To date, more than one million RAA standardized labels are displayed on bins throughout the U.S. They have been proven to increase recycling levels between 50-100%, while significantly reducing contamination with trash—a challenge RI has been facing in recent years.

The RI labels mimic the look of RAA’s standard mixed recycling labels, but feature those items recyclable in RI’s program. RAA revealed the standardized labels today and celebrated Rhode Island as the first state at a Hollywood launch of their national, star-studded, “Let’s Recycle Right” PSA campaign. Celebrities who have already joined the campaign include Kristen Bell, Anthony Mackie, Angie Harmon, Gabrielle Reece, Alanis Morissette, and many others.

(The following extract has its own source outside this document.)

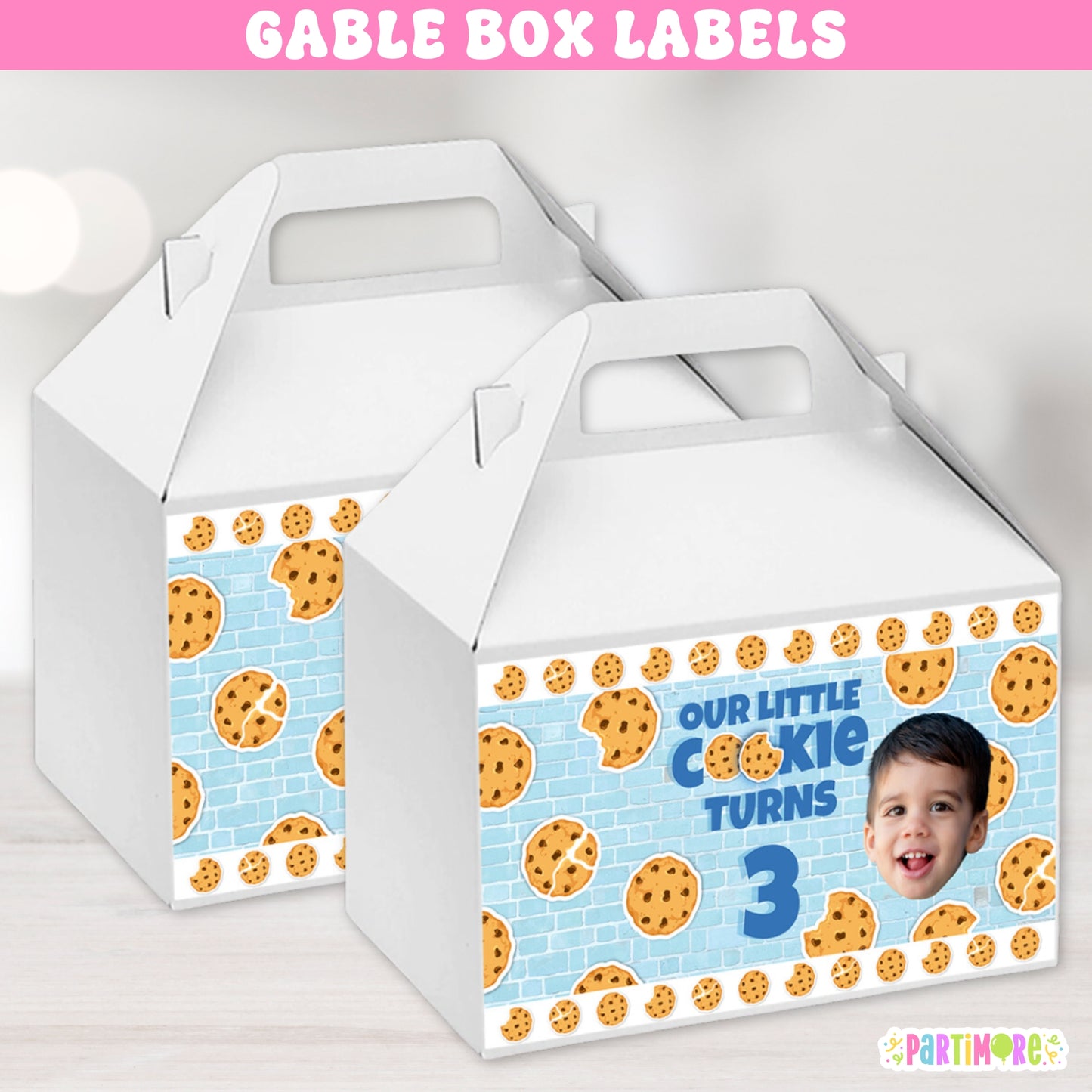 Milk and cookies birthday party gable box labels, cookie and milk carton favor box stickers personalized with name and age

“The new RI labels will provide the most basic, bare bones information that we need Rhode Islanders to have in order to produce good quality recycling,” says Krystal Noiseux, RIRRC’s Education and Outreach Manager. “They don’t drill down into every detail you need to be a perfect recycler, rather they focus on using pictures, and providing only the essential rules that anyone can easily follow, starting in elementary school.”

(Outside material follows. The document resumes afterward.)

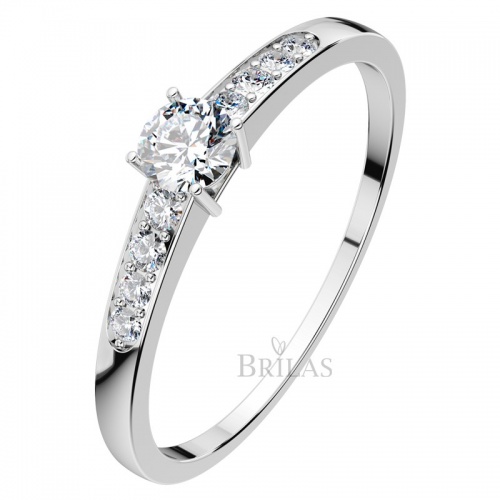 Dafne W Briliant-krásný zásnubní prsten z bílého zlata s brilianty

School is precisely where the initiative will begin. RIRRC is kicking off things immediately by distributing free standardized labels to every public school in Rhode Island. Beginning in July, RIRRC will also provide free labels for recycling bins to every state agency, and to municipalities for use in municipal buildings and other public spaces. Private businesses and institutions, including private schools, will also have access to free labels at that time, if they pledge to fully participate in RI’s recycling program.

“Through such initiatives as the Green Ribbon Schools program and through our school-construction regulations that require dedicated space within new school buildings for recycling, Rhode Island schools have been environmental leaders,” remarked Ken Wagner, Rhode Island Education Commissioner. “Many Rhode Island educators work with their students on a variety of recycling projects to help their schools and their communities. Our students and educators are proud to lead the way toward recycling right.”

As the standardized labels make their way onto bins across the state, RIRRC hopes seeing them repeatedly will help to reinforce the most essential recycling rules, and therefore, good recycling habits. “We have a vision,” says Noiseux, “of a day where every child growing up in Rhode Island sees the same, basic, consistent recycling message on bins across Rhode Island—at  home, at school, at the park, at the mall, and eventually, at work.”